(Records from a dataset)
╔══

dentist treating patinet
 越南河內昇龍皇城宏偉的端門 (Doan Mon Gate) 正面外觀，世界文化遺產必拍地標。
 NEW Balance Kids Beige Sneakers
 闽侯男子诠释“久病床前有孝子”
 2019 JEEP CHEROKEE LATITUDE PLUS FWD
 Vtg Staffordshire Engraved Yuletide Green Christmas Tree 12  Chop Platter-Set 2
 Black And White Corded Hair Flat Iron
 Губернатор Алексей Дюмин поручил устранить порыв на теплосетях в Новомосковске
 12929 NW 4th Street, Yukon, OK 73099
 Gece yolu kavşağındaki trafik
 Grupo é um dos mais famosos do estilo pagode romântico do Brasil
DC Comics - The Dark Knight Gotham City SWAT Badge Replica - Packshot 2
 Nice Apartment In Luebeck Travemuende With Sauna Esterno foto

╚══

#### [What you should do]
Repeat word for word the lines running from the line containing "Black And White Corded Hair Flat Iron" to the end of the entries above, inclusive.

#### [Task answer]
 Black And White Corded Hair Flat Iron
 Губернатор Алексей Дюмин поручил устранить порыв на теплосетях в Новомосковске
 12929 NW 4th Street, Yukon, OK 73099
 Gece yolu kavşağındaki trafik
 Grupo é um dos mais famosos do estilo pagode romântico do Brasil
DC Comics - The Dark Knight Gotham City SWAT Badge Replica - Packshot 2
 Nice Apartment In Luebeck Travemuende With Sauna Esterno foto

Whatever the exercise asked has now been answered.